During the discussions regarding the change in the buggery laws, Archbishop Gordon pointed us to the actions of Jesus in dealing with the woman caught in adultery (CN April 15). By law, she was to be stoned to death, but He chose the way of mercy.
Firstly, He invited anyone who was without sin to cast the first stone. Secondly, as they all walked away, He asked the woman: “Has no one condemned you?” To her reply in the negative, He said “Then neither do I condemn you. Go, and sin no more.”
We often forget that when we offer mercy to someone, it does not mean that we condone what they have done. Rather, it is to call them to acknowledge that they have done wrong, to recognise that the wrong is deserving of punishment, and then to accept the invitation (from God) to repent and turn away from that wrongdoing.
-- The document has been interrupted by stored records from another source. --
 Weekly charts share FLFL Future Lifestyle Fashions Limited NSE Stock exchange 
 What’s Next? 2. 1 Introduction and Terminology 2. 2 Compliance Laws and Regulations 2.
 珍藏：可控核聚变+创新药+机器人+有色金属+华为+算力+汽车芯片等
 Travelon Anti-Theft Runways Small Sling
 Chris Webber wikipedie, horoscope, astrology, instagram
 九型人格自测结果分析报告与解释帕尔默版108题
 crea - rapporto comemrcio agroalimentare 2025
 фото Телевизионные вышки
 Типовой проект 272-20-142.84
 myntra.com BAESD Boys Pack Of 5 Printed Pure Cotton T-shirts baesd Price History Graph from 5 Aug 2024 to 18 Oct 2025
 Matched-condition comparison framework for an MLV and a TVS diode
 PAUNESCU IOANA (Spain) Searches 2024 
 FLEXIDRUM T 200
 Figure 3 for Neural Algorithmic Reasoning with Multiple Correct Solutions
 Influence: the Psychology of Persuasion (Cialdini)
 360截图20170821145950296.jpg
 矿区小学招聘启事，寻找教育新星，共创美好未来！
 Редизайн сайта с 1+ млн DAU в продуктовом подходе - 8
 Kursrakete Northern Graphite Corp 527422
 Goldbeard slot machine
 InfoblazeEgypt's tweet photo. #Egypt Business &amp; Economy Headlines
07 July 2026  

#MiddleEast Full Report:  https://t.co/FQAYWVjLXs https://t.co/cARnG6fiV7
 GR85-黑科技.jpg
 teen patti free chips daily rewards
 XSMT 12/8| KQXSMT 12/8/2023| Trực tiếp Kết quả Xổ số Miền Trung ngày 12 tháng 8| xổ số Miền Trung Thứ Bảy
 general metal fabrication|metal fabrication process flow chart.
In our ministry to pre- and post-abortive women, we too have been learning to be as merciful as Jesus, as careful not to condemn, yet as firm as He was in encouraging a change in direction. As fiercely as we defend the right to life of the unborn, we also uphold the dignity of the mother ‘caught’ with an unplanned or ill-timed pregnancy, offering her emotional and material support during and after the pregnancy.
We offer compassionate assistance to those experiencing the traumas (physical, psychological and spiritual) associated with abortion. We provide information on the dangers of abortion. And we pray for the conversion of all those involved in the provision of abortion.
As the threats to traditional marriage and family seem to draw ever closer, we must be prepared to continue boldly sharing the truths of our faith as the path to true human flourishing. We must do so humbly, all the while extending the same love and mercy that Jesus extended to the woman caught in adultery; the same love and mercy that He extended to us when He went to the cross 2000-plus years ago; the same love and mercy that He extends to us every day in the Eucharist.